7 Replies
      Latest reply on Feb 7, 2019 2:26 PM by cwoolf
      dmaclach Level 1 Level 1 (0 points)

        If I have a string in an os_signpost_* call that is not marked public such as:

         

        os_signpost_interval_begin(log, my_id, "name", "myName: %s", myName);

         

        what is actually able to see that? It appears to be showing up visible in Instruments just fine without any special effort on my part. The documentation I can find on os_signpost (and os_log for that matter) is incredibly vague about exactly how privacy works, and especially for doing instruments you often need configurable strings.

        • Re: Privacy in os_signpost logs
          cwoolf Apple Staff Apple Staff (50 points)

          I believe string constants are allowed to pass through.  Is "myName" ultimately pointing at a string constant?

            • Re: Privacy in os_signpost logs
              dmaclach Level 1 Level 1 (0 points)

              hmmm... in this case "myName" is actually class_getName([self class]);

                • Re: Privacy in os_signpost logs
                  cwoolf Apple Staff Apple Staff (50 points)

                  Seems like that could be encoded in a constant string section of the binary.  Generally speaking, logging does its best to log as much information as possible, but will stop short if there is a risk of leaking personal information.  Numbers are generally safe, and I think string constants are, but strings on the heap are not.  If you have a string that you know doesn't leak personal information, then you should as a habbit mark it as public.

                    • Re: Privacy in os_signpost logs
                      dmaclach Level 1 Level 1 (0 points)

                      Interestingly if I mark the string as "private" (%{private}s) it still shows up in instruments.

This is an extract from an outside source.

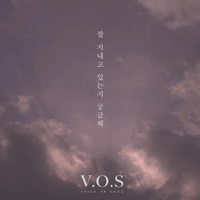 V.O.S   ִ ñ Ǻ ٹ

What actually controls whether or not private strings are emitted?

                       

                      I want developers to be able to see these strings, but I really don't want people to be able to log them when we release our app. In C/C++ I could possible define them out with the preprocessor (although I hate doing this), but I really don't have a great solution for our swift code.

                        • Re: Privacy in os_signpost logs
                          cwoolf Apple Staff Apple Staff (50 points)

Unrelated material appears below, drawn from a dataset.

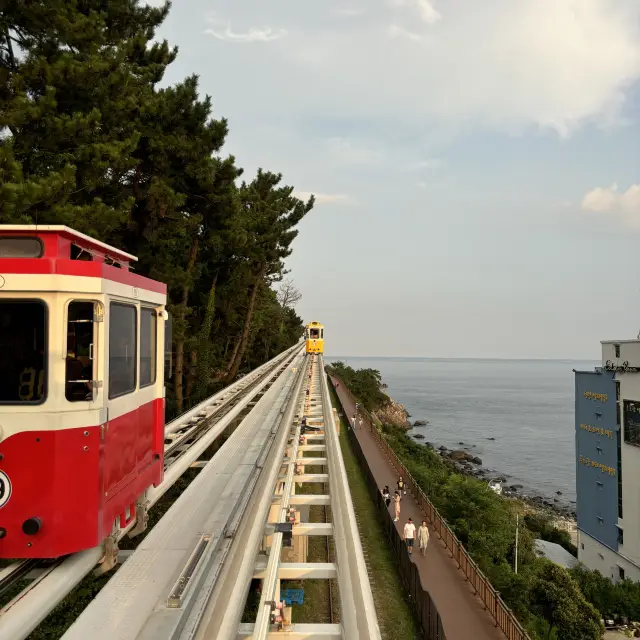 Sun, Sea, Sky Capsules!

                          Thanks for the heart attack   I had to go back and recheck everything to make sure we didn't drop the ball.

                           

                          So yes, Instruments is allowed to record all private data if that private data comes out of a debuggable process.  If you can attach a debugger to it, then private data is fair game.  Applications that are distributed through the App Store are signed in a way that prevents the recording of private data, period.  That means it can't be seen by anyone, including Instruments.  In Instruments, you'll see "n/a" in places where the private data should be in the metadata string for logs and signposts.

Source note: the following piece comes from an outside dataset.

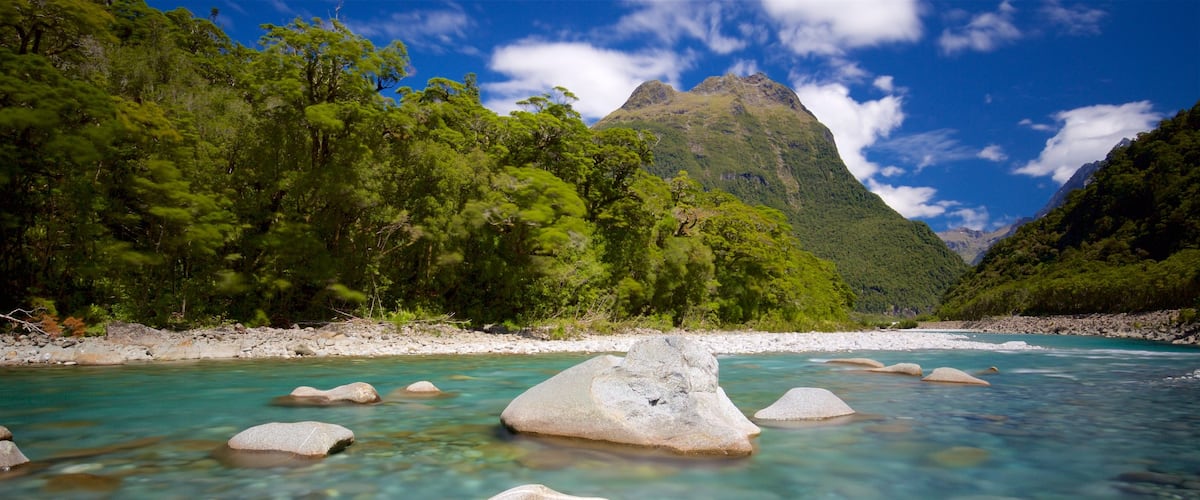 Milford Sound mostrando escenas forestales, una playa de guijarros y montañas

                            • Re: Privacy in os_signpost logs
                              dmaclach Level 1 Level 1 (0 points)

                              Thank you! Really appreciate it. Just to clarify again, when you say "Applications that are distributed through the App Store" do you mean both iOS and macOS?

                                • Re: Privacy in os_signpost logs
                                  cwoolf Apple Staff Apple Staff (50 points)

                                  Correct.  Correct'ish.  It's complicated...

                                   

                                  For sure, when you ship an application on iOS's App Store, it will be "restricted" which means you can't attach a debugger to it.  When Xcode builds and deploys an app for debugging or profiling on your test device, it will silently slip a debugging entitlement on it that allows debuggers or Instruments to attach.  You might have noticed.

                                   

                                  I say it's complicated because I personally don't know how formal the Mac App Store has become these days.  They get closer and closer to the security model of iOS, but I don't know if they will outright reject apps that are not explicitly restricted.  Also, whether or not SIP is enabled on that system will change what you can and cannot do with apps that are not explicitly restricted, but not explicitly debuggable.

                                   

                                  The safest bet would be explicitly restrict your apps going to the Mac App Store rather than relying on the review process to catch it.